Special case or not?
At the Sheffield City Council meeting of January 4, Councillor Bryan Lodge said that the memorial trees on our street, Western Road, Crookes, were '˜a special case' that need to be looked at '˜differently' from the trees on other Sheffield streets.
I know that I speak for other residents on our street when I say we reject this ‘special treatment’ point of view taken by the SCC’s cabinet minister for the environment.
Yes, they are special to us and we are happy that the 98-year-old trees on our street are making their contribution to cleaning polluted air, cooling streets in our globally warming world, acting as a baffle against vehicle noise, as well as giving pleasure to residents and the hundreds of schoolchildren who walk back and forth to Westways School every day.
But we do not think that they are any more special than the lovely trees in Nether Edge or Gleadless Valley or Norfolk Park which are also enjoyed by their local residents.

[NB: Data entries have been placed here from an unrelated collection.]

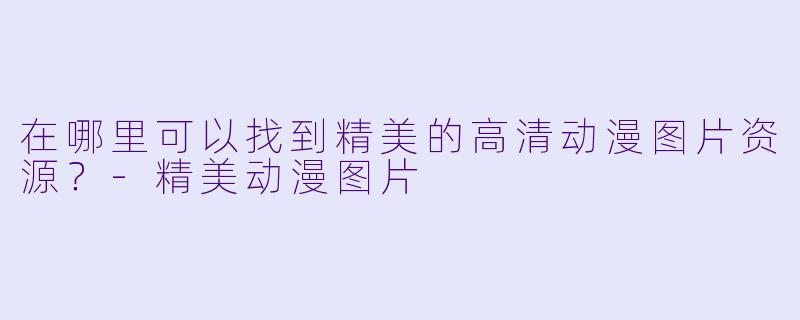 在哪里可以找到精美的高清动漫图片资源？-精美动漫图片
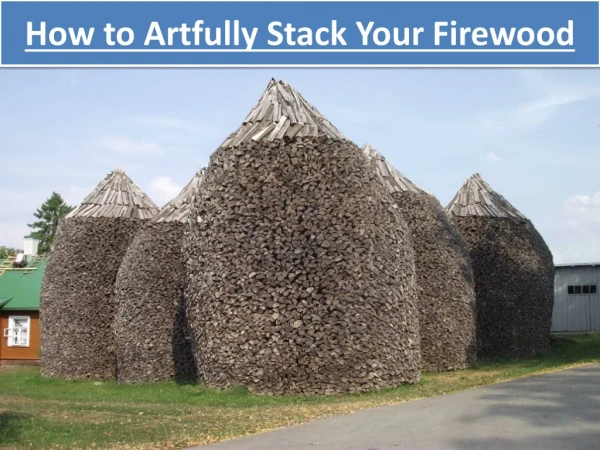 How to Artfully Stack Your Firewood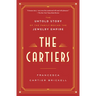 The Cartiers: The Untold Story of the Family Behind the Jewelry Empire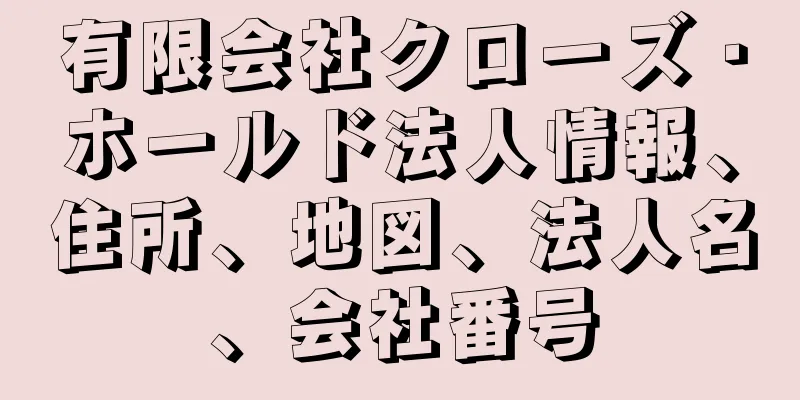 有限会社クローズ・ホールド法人情報、住所、地図、法人名、会社番号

Or any more special than those on a street such as Oxford Street in S6 where there are also memorial trees (those ones were planted in 1917) and where a large swathe also face upcoming felling.

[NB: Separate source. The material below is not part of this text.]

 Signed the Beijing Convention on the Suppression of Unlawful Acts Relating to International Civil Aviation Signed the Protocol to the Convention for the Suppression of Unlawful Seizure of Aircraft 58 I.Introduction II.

The fact that these Oxford Street trees have not received widespread local and national media coverage, and support by The Star, does not mean they are any less deserving of being spared a chainsaw massacre.
Coun Lodge also says that Amey will now look at so-called ‘engineering solutions’ for our road.
The term means making renovations/repairs to pavements, curbs and roadways so that trees can be saved rather than felled; that is the common solution outside Sheffield.
Again, why will an engineering solution perhaps be approved, at some expense, for our trees when it is out of the question for Chelsea Road in S11, home of a much loved 120-year-old elm tree that was recently awarded second prize as UK Tree of the Year?
The logic of this is illogical.
And talking of illogical, can the council PR machine please refrain from further use of the phrase ‘replacement trees’?
Calling the three or four metre-high saplings Amey intends to plant as ‘replacements’ for the 30 metre-high trees on our street is like calling the starting 11 for the Crookes 11-year-old football team a possible ‘replacement’ for the starting 11 of the Owls. (Or, sorry, even the Blades ha! ha!).
In my opinion, the main issue in the entire trees issue is this: why should the streets of our city be under the private control of a foreign multinational corporation for the next 25 years?
It is not which trees are ‘special’ and which are not ‘special’.